Exercise objective
Would you transcribe the records below from the line with "Nutricost Organic Beet" to the line with "Dámské tenisky Dámské", ends included, exactly and with nothing more, leaving the pictures out?

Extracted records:
* * * *

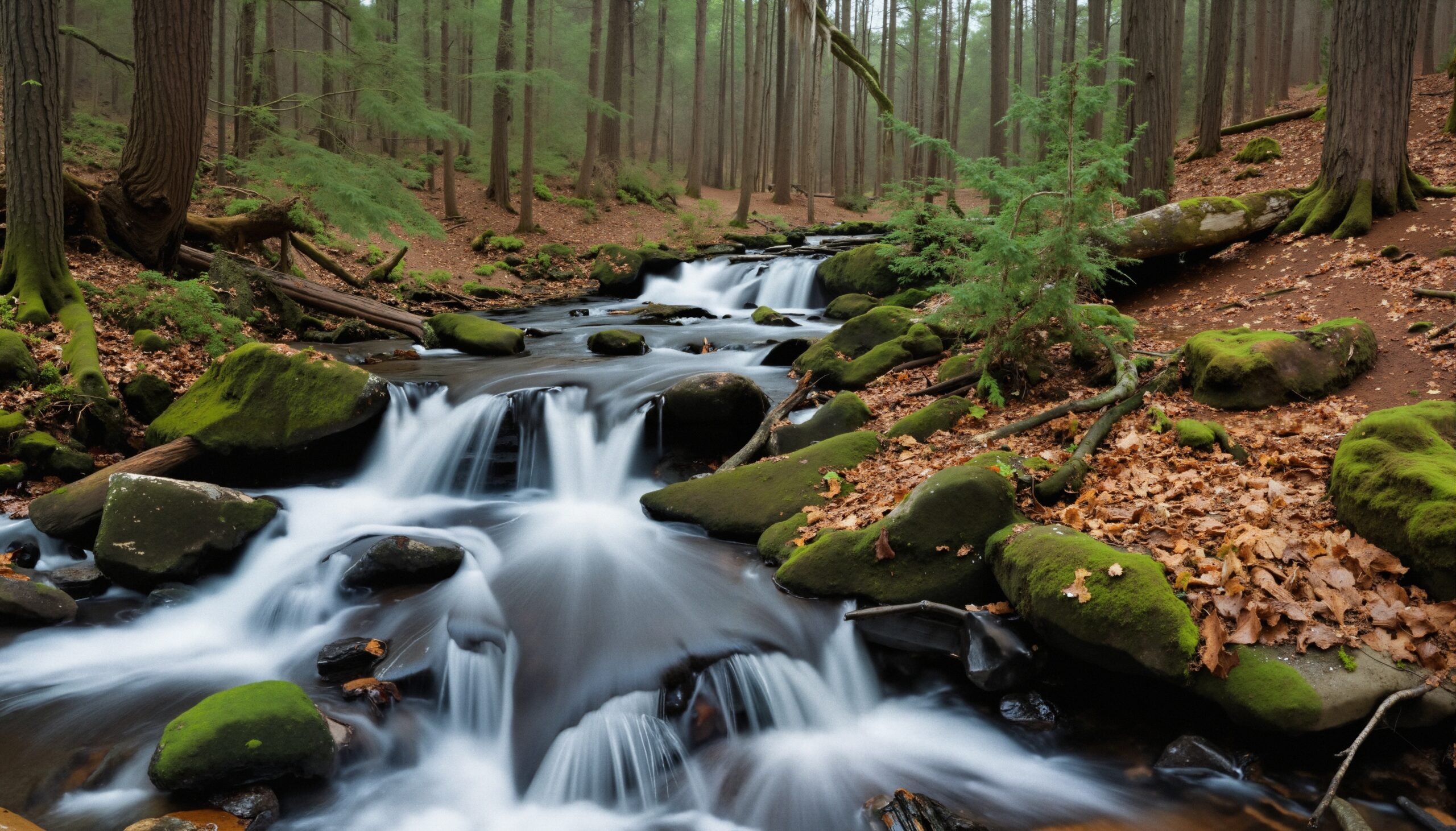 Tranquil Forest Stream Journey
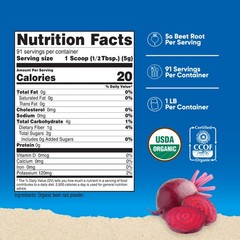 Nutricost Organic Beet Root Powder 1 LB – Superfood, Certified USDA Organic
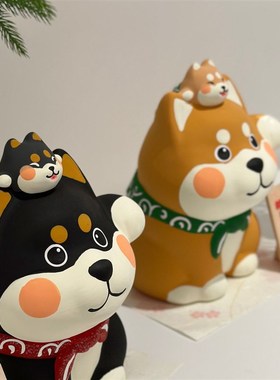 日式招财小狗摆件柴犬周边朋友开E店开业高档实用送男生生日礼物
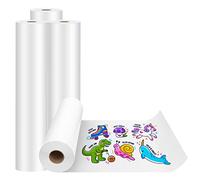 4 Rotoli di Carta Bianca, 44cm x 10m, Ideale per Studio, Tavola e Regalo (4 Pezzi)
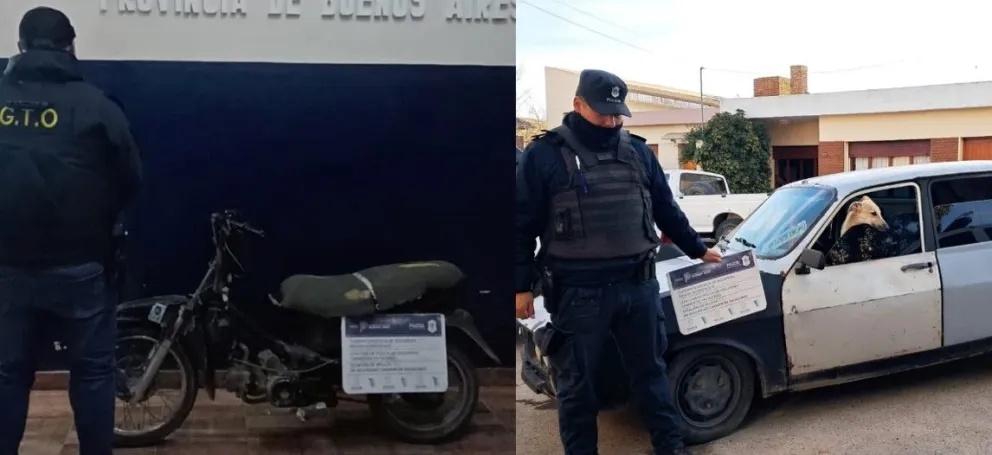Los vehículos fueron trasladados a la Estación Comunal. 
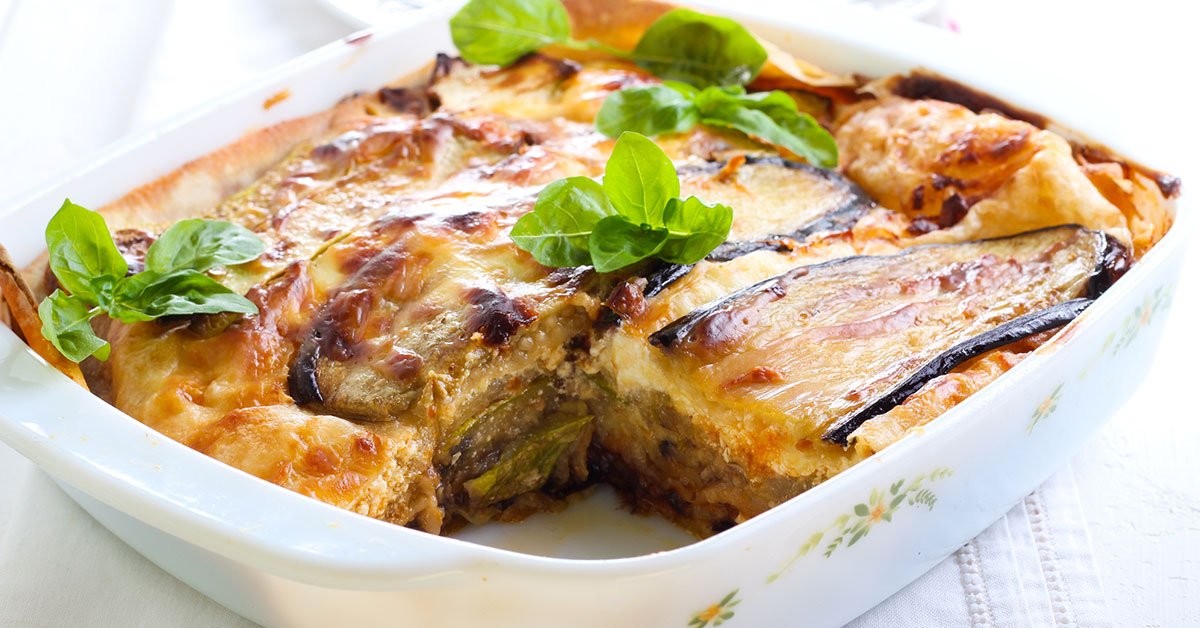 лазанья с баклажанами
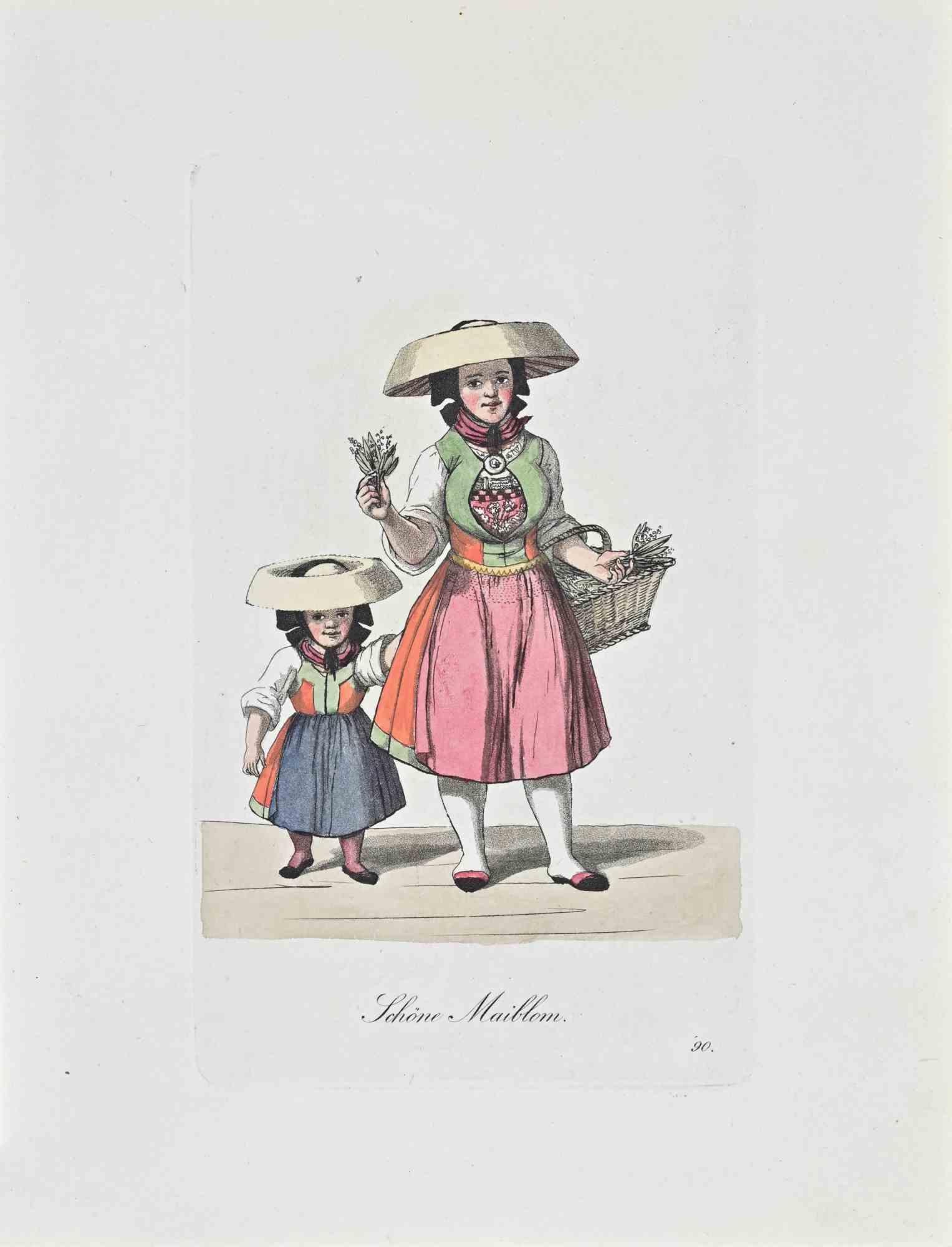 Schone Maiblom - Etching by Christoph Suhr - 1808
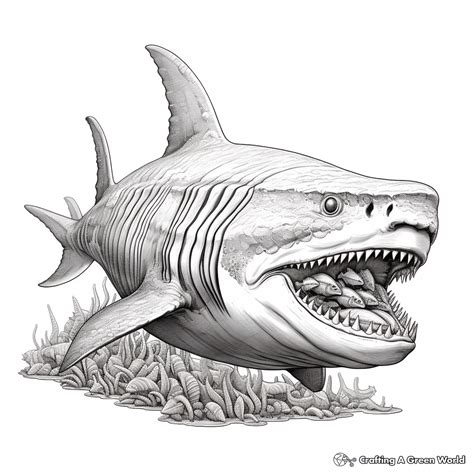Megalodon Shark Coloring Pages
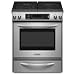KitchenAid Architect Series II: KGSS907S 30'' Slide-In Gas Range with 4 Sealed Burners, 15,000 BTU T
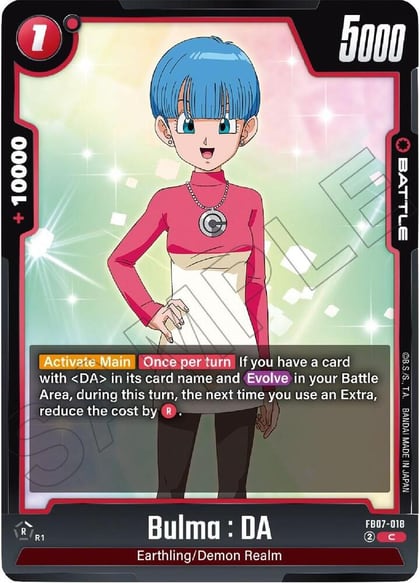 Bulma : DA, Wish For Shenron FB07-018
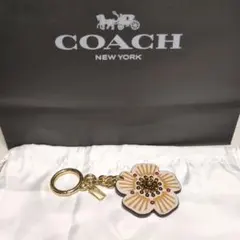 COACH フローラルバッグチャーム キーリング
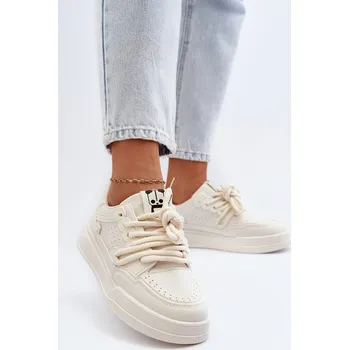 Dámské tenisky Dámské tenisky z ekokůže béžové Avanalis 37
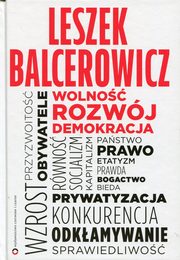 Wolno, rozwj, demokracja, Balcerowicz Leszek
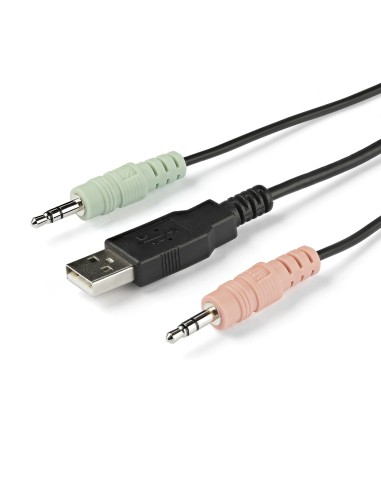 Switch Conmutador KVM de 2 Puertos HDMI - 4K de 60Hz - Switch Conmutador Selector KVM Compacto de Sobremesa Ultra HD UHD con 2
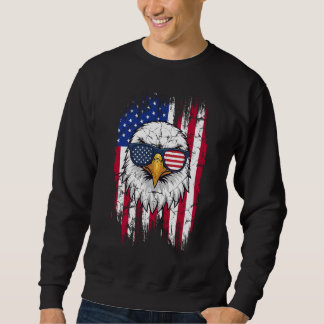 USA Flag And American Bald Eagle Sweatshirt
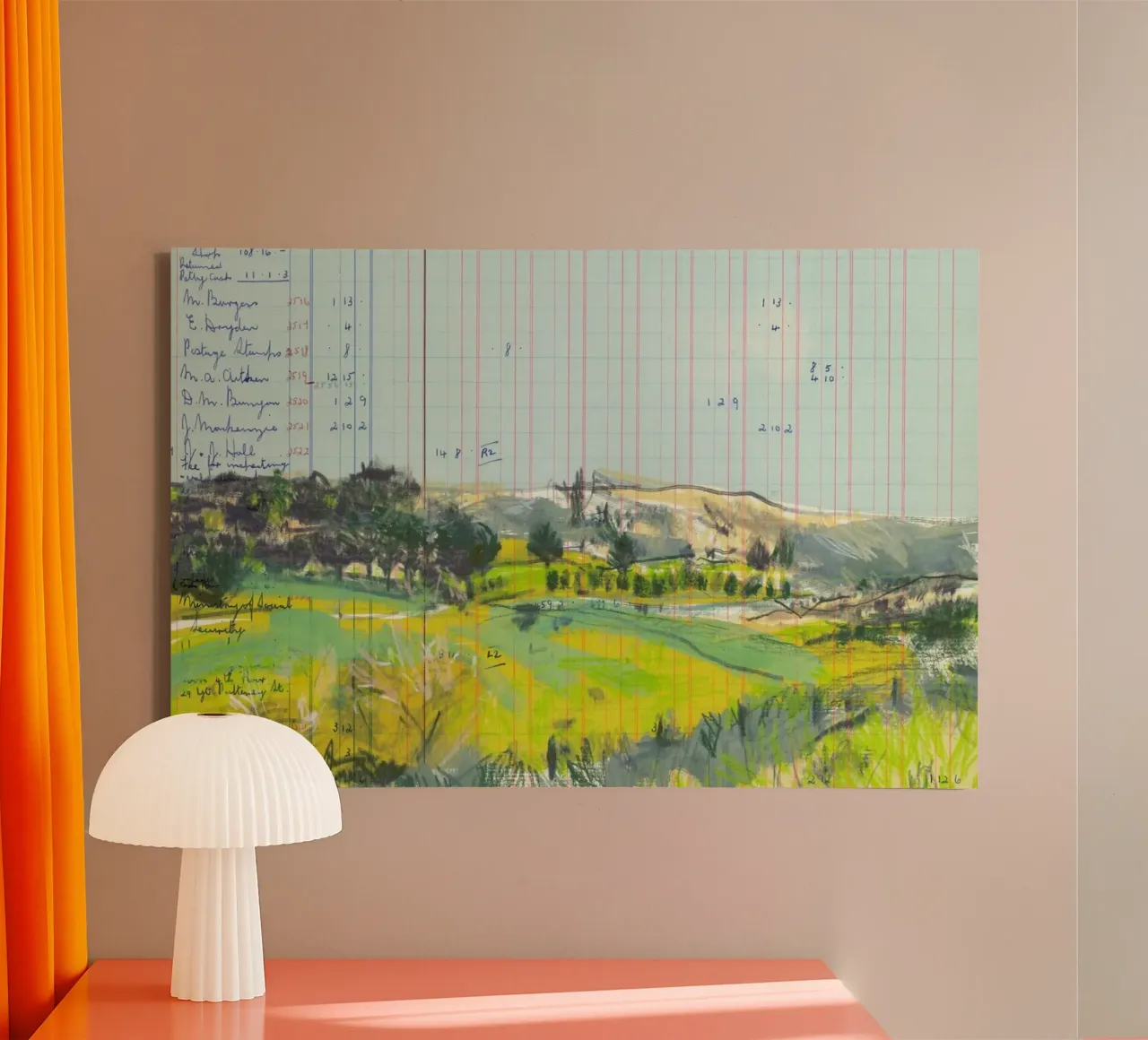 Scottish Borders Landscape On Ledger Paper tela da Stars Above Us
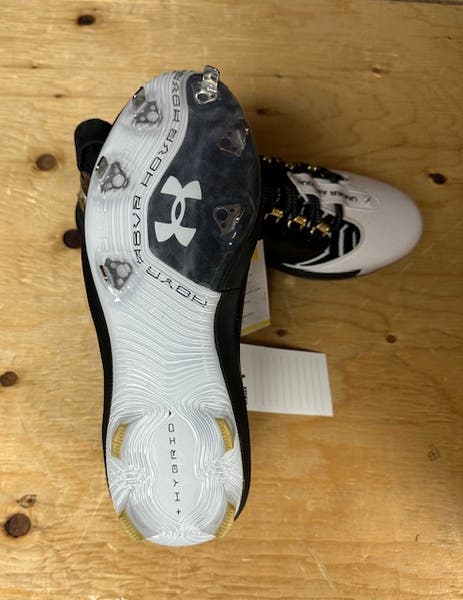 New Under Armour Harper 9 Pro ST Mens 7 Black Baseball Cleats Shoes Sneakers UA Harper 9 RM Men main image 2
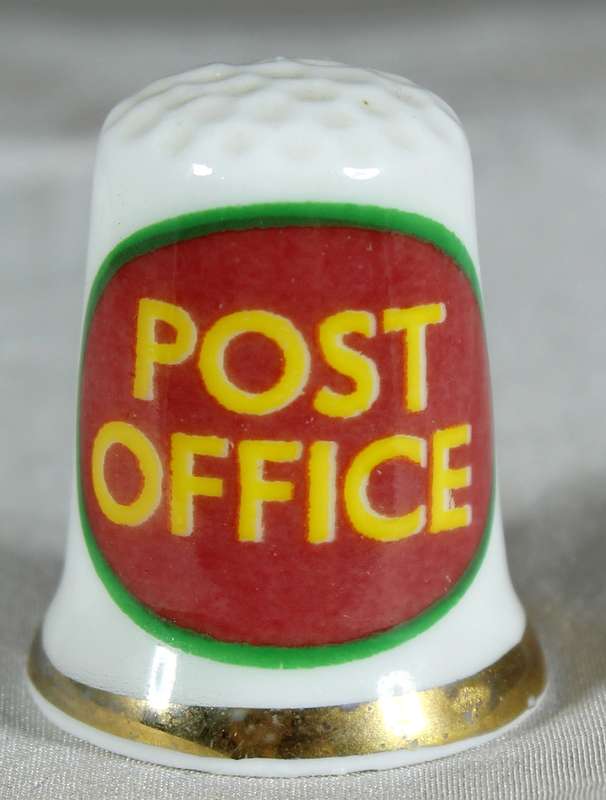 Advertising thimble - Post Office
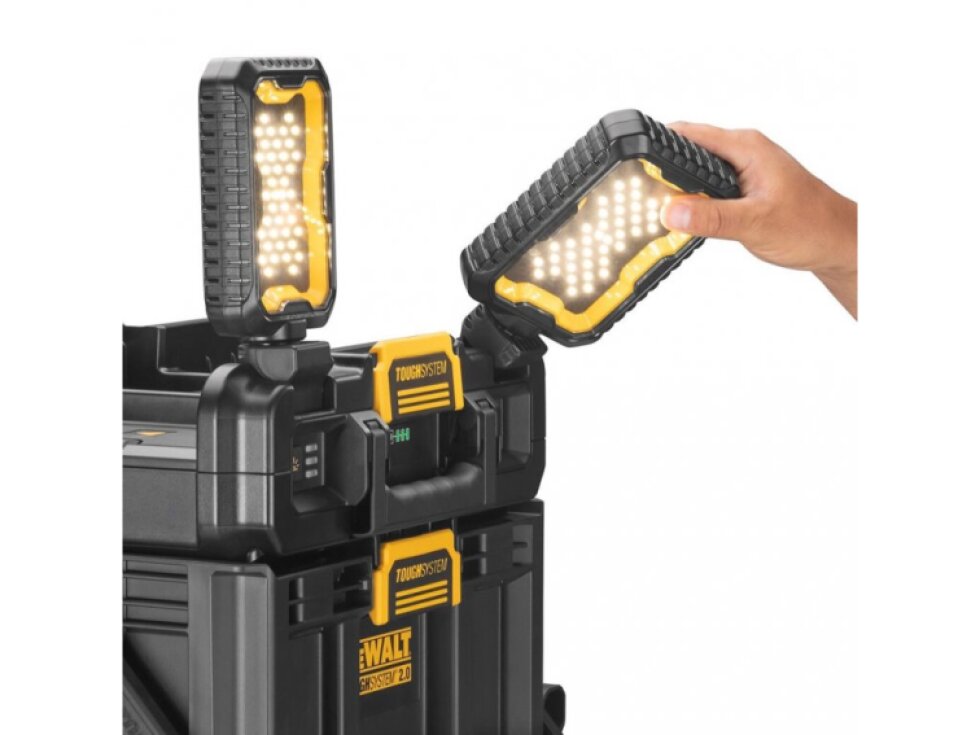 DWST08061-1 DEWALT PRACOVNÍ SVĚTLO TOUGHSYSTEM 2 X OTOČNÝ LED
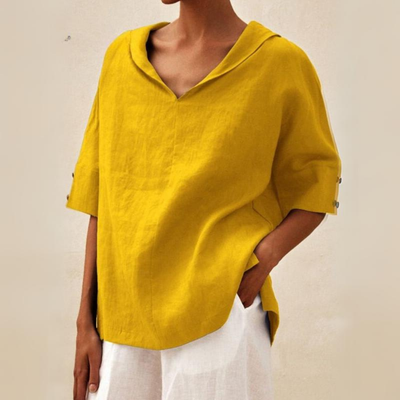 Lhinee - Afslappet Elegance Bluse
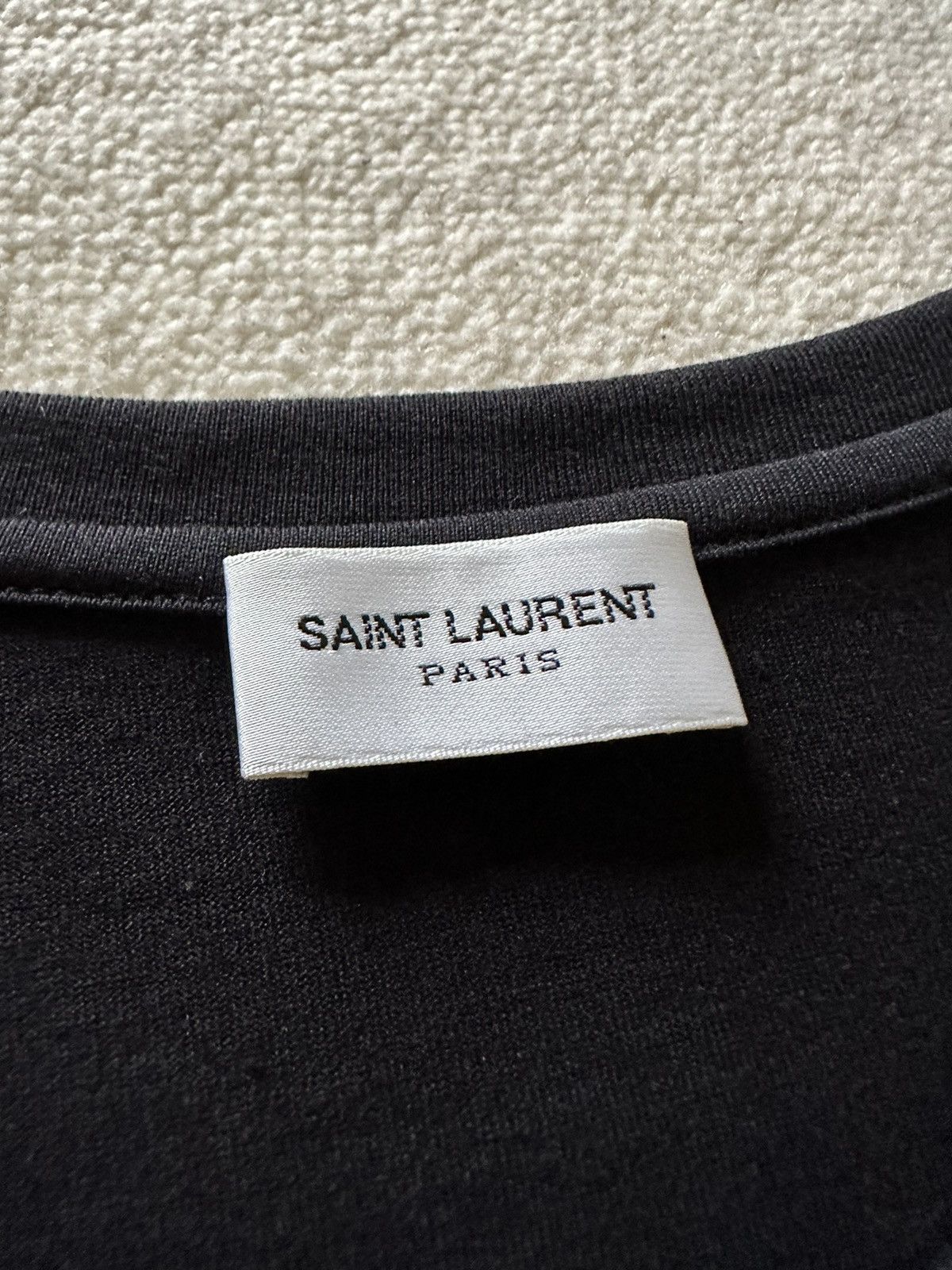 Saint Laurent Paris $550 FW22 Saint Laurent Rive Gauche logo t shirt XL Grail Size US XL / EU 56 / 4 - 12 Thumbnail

* * * *

Task answer
 Nutricost Organic Beet Root Powder 1 LB – Superfood, Certified USDA Organic
 日式招财小狗摆件柴犬周边朋友开E店开业高档实用送男生生日礼物
 4 Rotoli di Carta Bianca, 44cm x 10m, Ideale per Studio, Tavola e Regalo (4 Pezzi)
Los vehículos fueron trasladados a la Estación Comunal. 
 лазанья с баклажанами
 Schone Maiblom - Etching by Christoph Suhr - 1808
Megalodon Shark Coloring Pages
KitchenAid Architect Series II: KGSS907S 30'' Slide-In Gas Range with 4 Sealed Burners, 15,000 BTU T
 Bulma : DA, Wish For Shenron FB07-018
 COACH フローラルバッグチャーム キーリング
 Dámské tenisky Dámské tenisky z ekokůže béžové Avanalis 37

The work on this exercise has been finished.